Single by Jala Brat and Buba Corelli featuring Senidah

from the album Alfa & Omega
- Language: Bosnian
- English title: Kamikaze
- Released: 15 August 2019
- Genre: dancehall; hip hop; EDM;
- Length: 2:37
- Label: Imperia
- Songwriters: Jasmin Fazlić; Amar Hodžić;
- Producer: RimDa

Jala Brat singles chronology
| "Bebi" (2019) | "Kamikaza" (2019) | "99" (2019) |

Buba Corelli singles chronology
| "Bebi" (2019) | "Kamikaza" (2019) | "Karantin" (2020) |

Senidah singles chronology
| "202" (2019) | "Kamikaza" (2019) | "100%" (2019) |

Music video
- "Kamikaza" on YouTube

= Kamikaza =

2019 single by Jala Brat and Buba Corelli

"Kamikaza" (/sh/; ) is a song by Bosnian rappers Jala Brat and Buba Corelli, featuring Slovenian singer-songwriter Senidah. It was released as a single on 15 August 2019 by Sarajevo-based label Imperia. It was written by the rappers themselves and produced by RimDa. It was released as the last single off the rappers' collaborative album Alfa & Omega.

==Background==
Senidah revealed a collaboration with Jala and Buba was in works on the 2019 Music Awards Ceremony red carpet. The music video was surprise released on 13 August, three hours ahead of "Born in Ghetto" concert at Skenderija that all three artists took part in alongside other stars like RAF Camora, Coby, Goga Sekulić, Baka Prase etc. The song was digitally released two days later.

==Music video==
Music video was premiered two days before the single released. It was directed by Ljubba Stefanović.

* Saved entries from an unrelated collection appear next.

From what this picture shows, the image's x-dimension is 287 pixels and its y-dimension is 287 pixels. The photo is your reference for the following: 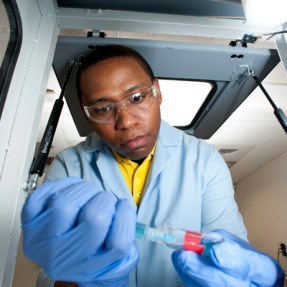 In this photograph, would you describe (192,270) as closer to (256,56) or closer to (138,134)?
(138,134)

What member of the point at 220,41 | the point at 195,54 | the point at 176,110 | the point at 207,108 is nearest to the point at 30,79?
the point at 195,54

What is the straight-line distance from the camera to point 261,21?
711 millimetres

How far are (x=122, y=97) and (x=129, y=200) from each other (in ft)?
1.03

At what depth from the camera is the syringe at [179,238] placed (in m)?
0.50

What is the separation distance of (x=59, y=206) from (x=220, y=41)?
1.40 m

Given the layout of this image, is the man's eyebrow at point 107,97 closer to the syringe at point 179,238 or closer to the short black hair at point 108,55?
the short black hair at point 108,55

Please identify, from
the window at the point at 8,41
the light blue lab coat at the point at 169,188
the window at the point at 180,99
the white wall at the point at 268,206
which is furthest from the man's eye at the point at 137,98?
the white wall at the point at 268,206

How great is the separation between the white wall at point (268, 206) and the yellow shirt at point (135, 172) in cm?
326

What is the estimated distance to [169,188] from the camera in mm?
838

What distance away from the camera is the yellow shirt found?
86 cm

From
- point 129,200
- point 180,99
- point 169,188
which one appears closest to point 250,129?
point 180,99

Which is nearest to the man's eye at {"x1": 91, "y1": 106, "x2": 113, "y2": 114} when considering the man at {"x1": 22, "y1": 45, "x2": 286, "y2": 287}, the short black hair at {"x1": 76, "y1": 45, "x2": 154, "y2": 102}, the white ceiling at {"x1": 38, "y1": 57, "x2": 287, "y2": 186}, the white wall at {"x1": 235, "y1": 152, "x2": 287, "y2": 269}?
the man at {"x1": 22, "y1": 45, "x2": 286, "y2": 287}

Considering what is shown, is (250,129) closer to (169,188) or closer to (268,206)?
(268,206)

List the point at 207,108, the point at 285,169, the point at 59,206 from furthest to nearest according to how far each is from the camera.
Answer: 1. the point at 285,169
2. the point at 207,108
3. the point at 59,206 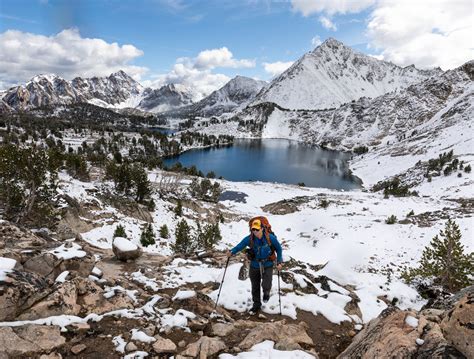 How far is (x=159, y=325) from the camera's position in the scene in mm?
8281

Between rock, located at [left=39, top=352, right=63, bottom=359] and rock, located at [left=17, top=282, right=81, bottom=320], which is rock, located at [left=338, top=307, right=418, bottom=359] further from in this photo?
rock, located at [left=17, top=282, right=81, bottom=320]

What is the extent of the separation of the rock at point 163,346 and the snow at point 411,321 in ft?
18.0

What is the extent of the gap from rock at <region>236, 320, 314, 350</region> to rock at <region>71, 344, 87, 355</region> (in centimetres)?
373

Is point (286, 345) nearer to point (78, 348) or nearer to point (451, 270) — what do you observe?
point (78, 348)

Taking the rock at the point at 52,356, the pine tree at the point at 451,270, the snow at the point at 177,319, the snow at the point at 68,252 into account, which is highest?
the snow at the point at 68,252

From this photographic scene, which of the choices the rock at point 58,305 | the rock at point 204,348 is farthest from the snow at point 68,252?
the rock at point 204,348

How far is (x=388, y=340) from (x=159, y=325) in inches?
228

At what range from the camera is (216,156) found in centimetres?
18788

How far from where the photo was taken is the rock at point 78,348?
6814mm

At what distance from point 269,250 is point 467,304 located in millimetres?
5211

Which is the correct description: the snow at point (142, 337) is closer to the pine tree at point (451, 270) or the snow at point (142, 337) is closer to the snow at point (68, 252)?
the snow at point (68, 252)

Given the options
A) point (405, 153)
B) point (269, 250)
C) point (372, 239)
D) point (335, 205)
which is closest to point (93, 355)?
point (269, 250)

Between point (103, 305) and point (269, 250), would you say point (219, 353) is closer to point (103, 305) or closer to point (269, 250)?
point (269, 250)

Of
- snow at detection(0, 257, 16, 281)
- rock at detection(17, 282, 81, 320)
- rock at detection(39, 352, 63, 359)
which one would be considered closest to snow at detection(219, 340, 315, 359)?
rock at detection(39, 352, 63, 359) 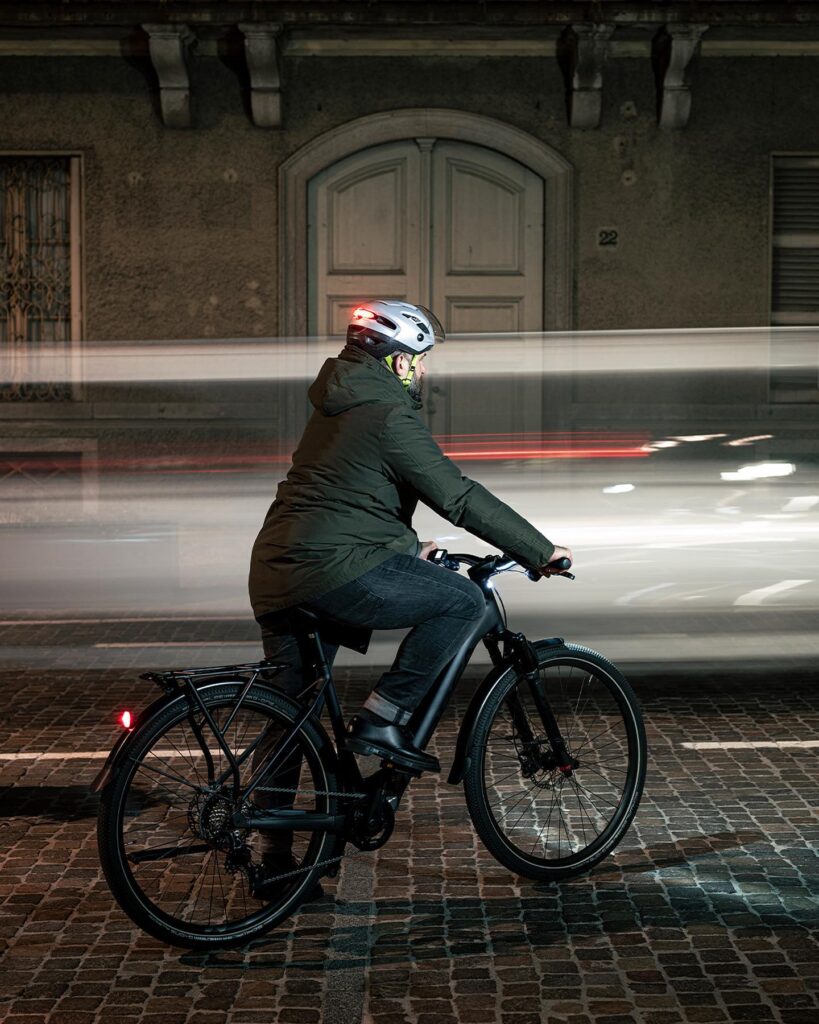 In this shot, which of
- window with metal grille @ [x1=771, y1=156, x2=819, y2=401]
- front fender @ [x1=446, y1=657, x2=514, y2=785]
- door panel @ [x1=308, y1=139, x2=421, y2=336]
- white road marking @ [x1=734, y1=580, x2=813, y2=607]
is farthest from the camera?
window with metal grille @ [x1=771, y1=156, x2=819, y2=401]

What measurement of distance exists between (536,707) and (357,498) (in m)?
0.91

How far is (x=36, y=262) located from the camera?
15.0m

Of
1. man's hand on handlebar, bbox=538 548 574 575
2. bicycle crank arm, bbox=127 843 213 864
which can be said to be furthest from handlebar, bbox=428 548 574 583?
bicycle crank arm, bbox=127 843 213 864

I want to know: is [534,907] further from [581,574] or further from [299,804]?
[581,574]

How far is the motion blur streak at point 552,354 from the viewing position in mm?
9609

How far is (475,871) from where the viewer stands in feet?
17.6

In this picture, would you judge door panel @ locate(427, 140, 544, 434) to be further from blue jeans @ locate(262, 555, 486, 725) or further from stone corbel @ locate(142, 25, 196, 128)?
blue jeans @ locate(262, 555, 486, 725)

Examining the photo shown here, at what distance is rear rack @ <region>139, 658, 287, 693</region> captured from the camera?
4.51 m

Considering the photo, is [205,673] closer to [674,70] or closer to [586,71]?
[586,71]

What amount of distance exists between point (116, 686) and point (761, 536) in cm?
346

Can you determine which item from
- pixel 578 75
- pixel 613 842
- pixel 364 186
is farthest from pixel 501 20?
pixel 613 842

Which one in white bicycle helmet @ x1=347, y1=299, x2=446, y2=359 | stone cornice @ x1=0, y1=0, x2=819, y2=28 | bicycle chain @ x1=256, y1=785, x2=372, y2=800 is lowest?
bicycle chain @ x1=256, y1=785, x2=372, y2=800

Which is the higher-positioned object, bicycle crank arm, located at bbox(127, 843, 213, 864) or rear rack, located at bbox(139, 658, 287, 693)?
rear rack, located at bbox(139, 658, 287, 693)

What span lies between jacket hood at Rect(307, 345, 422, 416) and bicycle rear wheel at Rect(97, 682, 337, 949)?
85 cm
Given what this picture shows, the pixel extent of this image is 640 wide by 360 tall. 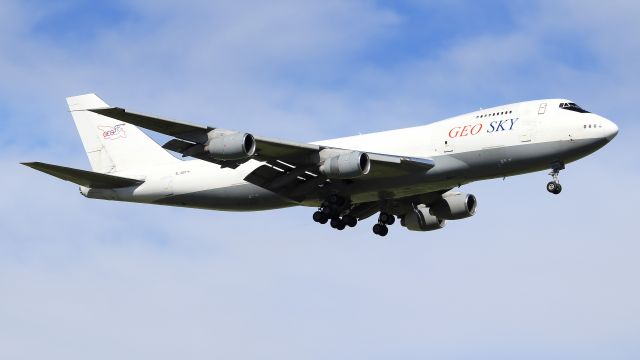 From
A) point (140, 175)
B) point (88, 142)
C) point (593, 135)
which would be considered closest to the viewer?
point (593, 135)

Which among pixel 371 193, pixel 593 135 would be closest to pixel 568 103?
pixel 593 135

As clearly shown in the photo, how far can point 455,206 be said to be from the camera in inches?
1953

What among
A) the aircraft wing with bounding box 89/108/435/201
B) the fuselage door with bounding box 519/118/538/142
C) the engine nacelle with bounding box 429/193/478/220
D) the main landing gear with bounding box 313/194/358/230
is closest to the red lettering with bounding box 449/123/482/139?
the aircraft wing with bounding box 89/108/435/201

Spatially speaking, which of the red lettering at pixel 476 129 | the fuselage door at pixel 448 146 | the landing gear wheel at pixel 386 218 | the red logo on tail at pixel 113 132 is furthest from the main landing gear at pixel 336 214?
the red logo on tail at pixel 113 132

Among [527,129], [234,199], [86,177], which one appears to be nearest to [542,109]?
[527,129]

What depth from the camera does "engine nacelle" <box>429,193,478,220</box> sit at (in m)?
Answer: 49.6

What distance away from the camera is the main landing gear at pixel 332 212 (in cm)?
4559

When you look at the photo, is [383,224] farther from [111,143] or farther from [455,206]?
[111,143]

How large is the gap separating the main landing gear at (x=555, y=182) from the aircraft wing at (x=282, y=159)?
4.58 metres

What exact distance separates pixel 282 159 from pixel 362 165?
3744 millimetres

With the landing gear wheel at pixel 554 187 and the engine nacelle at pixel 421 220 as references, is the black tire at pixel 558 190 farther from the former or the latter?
the engine nacelle at pixel 421 220

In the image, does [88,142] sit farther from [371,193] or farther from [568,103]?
[568,103]

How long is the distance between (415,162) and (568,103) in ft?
20.8

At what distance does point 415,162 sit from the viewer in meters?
42.9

It was taken by front cameras and edited so that it looks like Instagram stories and heavily features Instagram effects. It depicts artists dancing and singing along to the song.

==Commercial performance==
The song was a great commercial success. As of 21 February 2020, the song has garnered 4 million streams on Spotify. As of 22 September 2021, the music video has accumulated over 108 million views on YouTube.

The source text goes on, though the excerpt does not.